Ethnozoologie
La tortue « Gringoire »
Capturer ou naturaliser des animaux sauvages fait partie du quotidien des missions Griaule. Pour la mission Dakar-Djibouti, un « permis de capture scientifique »[3] a été octroyé par le gouvernement de l’Afrique occidentale française et un naturaliste – Abel Faivre – a été recruté. Mais le plus souvent, ce sont les ethnologues eux-mêmes qui chassent ou qui confient cette mission à des auxiliaires locaux (chasseurs indigènes rapportant leurs proies au campement, enfants envoyés à la récolte d’insectes). De nombreux spécimens sont rapportés en France, pour le compte du Muséum national d’histoire naturelle, y compris des animaux vivants. Le cas le plus révélateur est celui de la grosse tortue terrestre acquise au pays dogon et baptisée « Gringoire » par la mission Sahara-Soudan.
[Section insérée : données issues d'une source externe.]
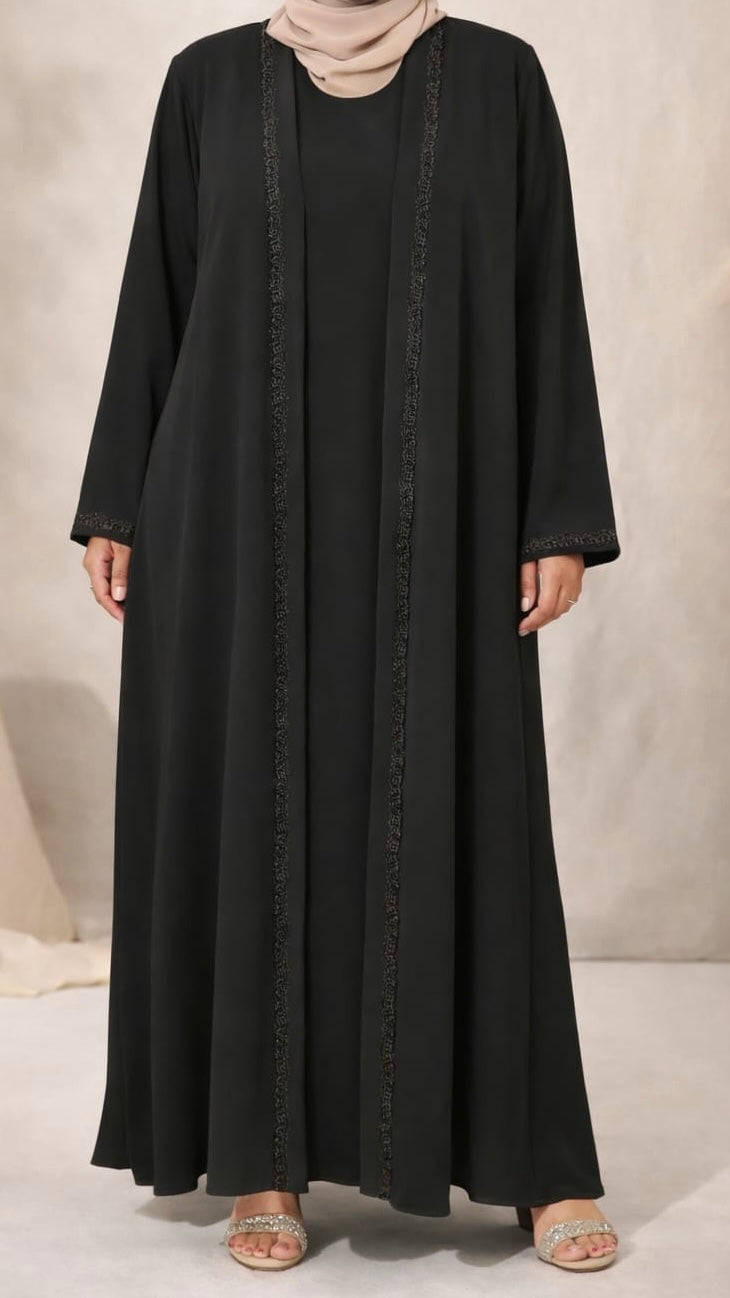 Kimono Anissa - Zwart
À la fois objet ethnographique, mascotte et animal de compagnie, elle permet de documenter les nombreuses fiches consacrées aux tortues tout en s’attirant la tendresse des membres de la mission. Deborah Lifchitz, restée sur place, demande même de ses nouvelles par courrier à Michel Leiris. Exposée au Vivarium du Jardin des plantes de Paris, elle est bientôt rejointe par une congénère collectée par Jean-Paul Lebeuf chez les Fali et envoyée au professeur Guibé, directeur du Laboratoire d’herpétologie et d’ichtyologie du Muséum. Ces deux tortues ne soulèvent pas seulement des problèmes théoriques au sujet du totémisme pour les ethnologues qui les ont expédiés en France ; elles donnent aussi à voir la circulation des spécimens zoologiques dans un contexte colonial.